_What is expected:_
In this exercise, print only the lines from the line with "Cover for E. Myers · Love / Hate (LP) (2017)" to the last line of the data below, inclusive. Any pictures should be left out.

_Dataset section:_
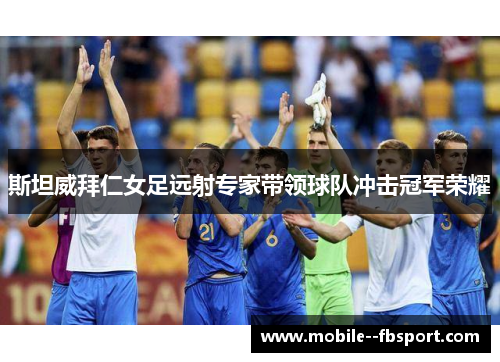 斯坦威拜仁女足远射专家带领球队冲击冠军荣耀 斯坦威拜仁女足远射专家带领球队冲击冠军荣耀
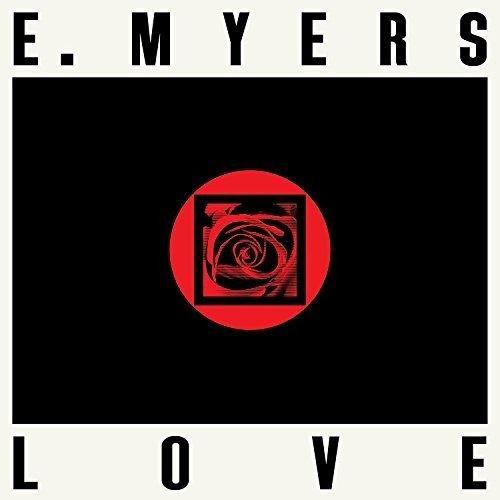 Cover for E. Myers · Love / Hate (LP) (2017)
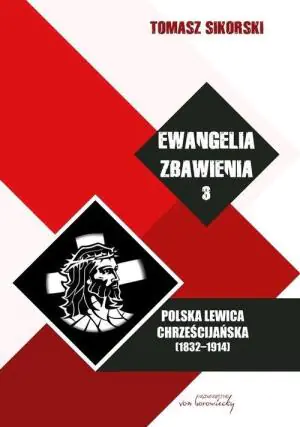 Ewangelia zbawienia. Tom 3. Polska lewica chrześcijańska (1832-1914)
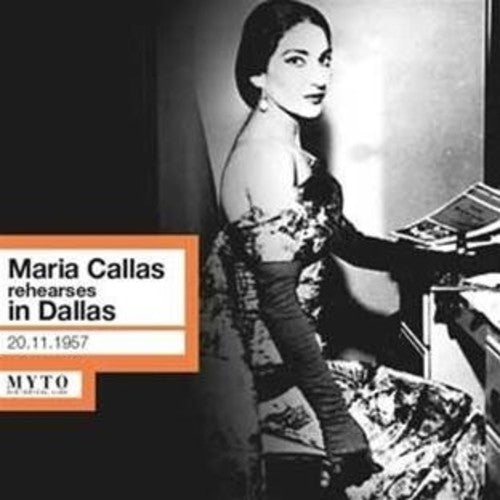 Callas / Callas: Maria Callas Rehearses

_Task solution:_
 Cover for E. Myers · Love / Hate (LP) (2017)
 Ewangelia zbawienia. Tom 3. Polska lewica chrześcijańska (1832-1914)
 Callas / Callas: Maria Callas Rehearses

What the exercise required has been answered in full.